Dans la Turquie voisine, le tournant autoritaire de Erdogan soulève de plus en plus d'hostilité : les attentats se multiplient : attentat à Kayseri, au centre de la Turquie, double explosion à la bombe à Istanbul. L'assassinat, le 19 décembre, de l'ambassadeur de Russie par un policier turc indique que le gouvernement ne tient plus le pays. Le pays risque au surplus d'être délaissé par les touristes.

La Jordanie renoue, elle aussi, avec le terrorisme alors qu'en Irak la bataille de Mossoul se révèle plus indécise que jamais. Un peu plus au sud, au Yémen, la guerre menée par groupes interposés entre l'Iran et l'Arabie saoudite est très sévère. Aden a subi récemment un attentat à la bombe qui a fait 40 morts, sans doute l'œuvre de rebelles proches de l'Iran.

L'Afrique est toujours la proie des conflits. Le tourisme a déserté toute la côte méditerranéenne : en Égypte, où les Frères musulmans ne baissent pas la tête, en Tunisie, où l’insécurité demeure, en Libye, en proie à l'anarchie, les régimes politiques ne sont guère solides.

Dans la corne orientale de l'Afrique, l’instabilité règne : conflits meurtriers au Soudan, régime autocratique de l'Érythrée, Somalie sinistrée, Kenya bousculé.
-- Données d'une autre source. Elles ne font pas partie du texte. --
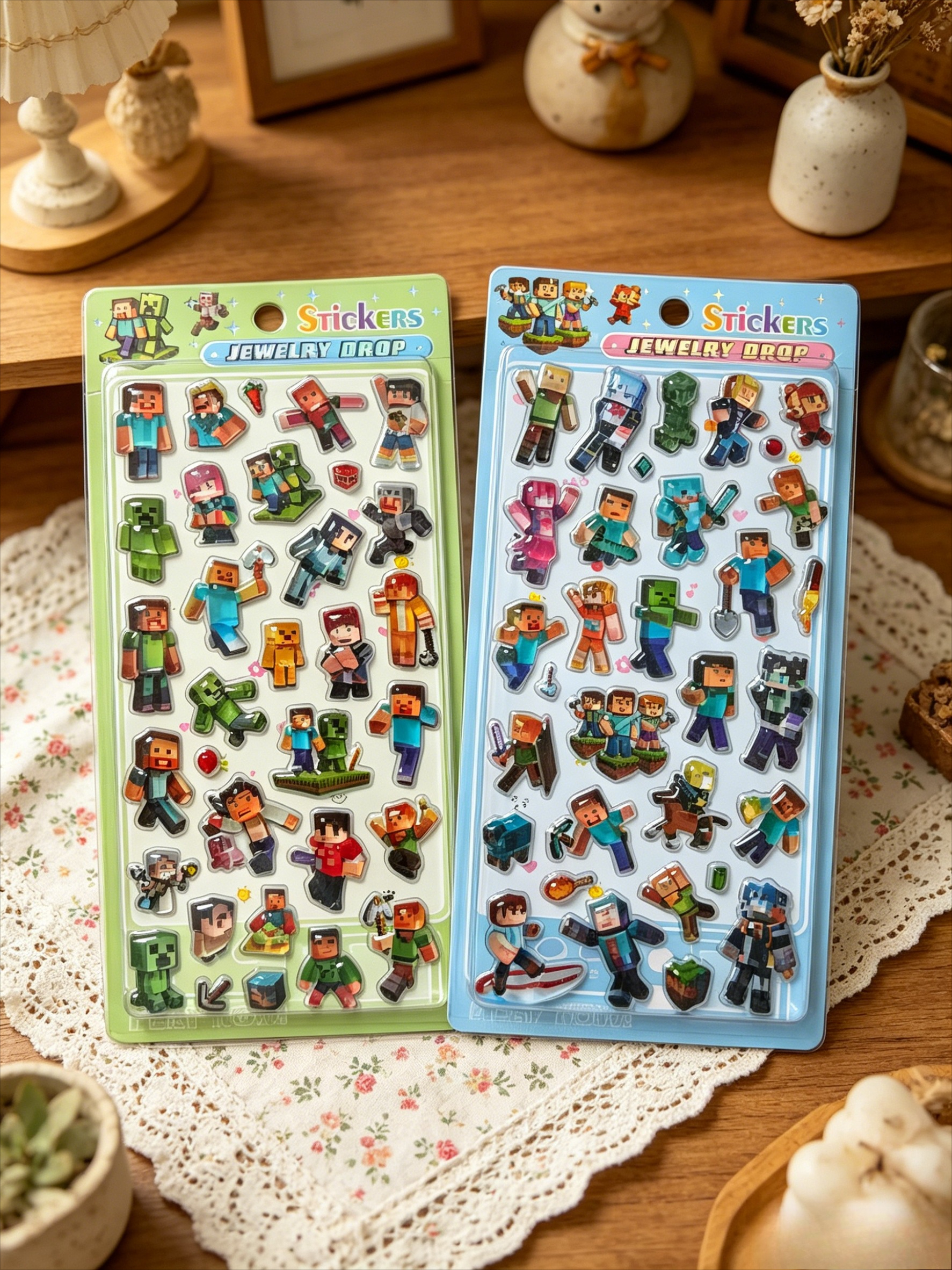 Minecraft Game Epoxy 3D Puffy  - Party Games Minecraft review and price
Enfin, en Afrique de l’Ouest, la situation n'est guère enviable. Au Congo démocratique, le mandat de Joseph Kabila vient de s’achever : il ne peut constitutionnellement briguer un nouveau mandat et exerce donc depuis le 19 décembre un pouvoir dictatorial. Dans l'autre Congo, c'est déjà le cas avec Denis Sassou N’Guesso. Au Mali, la situation n'est guère meilleure. Et, en Gambie, le président Yahya Jammeh a été chassé du pouvoir par les urnes, mais rechigne à accepter leur verdict.

Bien sûr, la crise des migrants est devant nous : le dernier Conseil européen a montré les limites de l'épure. L'Espagne a un gouvernement minoritaire et reste affaiblie. L'Italie ne s'est pas remise de son référendum du 4 décembre et la Grande-Bretagne du Brexit. L'Europe centrale et orientale est en rupture de ban avec Bruxelles. Demeure l'épineuse question de la Grèce. Le congrès de l'Internationale de la gauche radicale a porté le communiste réformiste Grégor Gysi à la présidence. L'ex-leader est-allemand a été très clair sur la question européenne : il est en opposition avec la Commission. Surtout, le Premier ministre grec, Alexis Tsipras, y a prononcé un discours d'une extrême violence. Il en a assez, dit-il, de cette Europe capitaliste qui refuse de faire un cadeau de Noël aux Grecs les plus faibles et de baisser la TVA dans les îles.

L’avenir le plus inquiétant est celui de l'euro qui a atteint, ces jours-ci, la parité avec le dollar ou presque. Malgré cette baisse de la monnaie européenne, l'économie ne se relance pas dans l'Union. Pendant ce temps, la France est aux abonnés absents et sans gouvernement d'un point de vue politique. Il suffit de lire la presse étrangère pour s’en convaincre. Mais ceci est une autre histoire.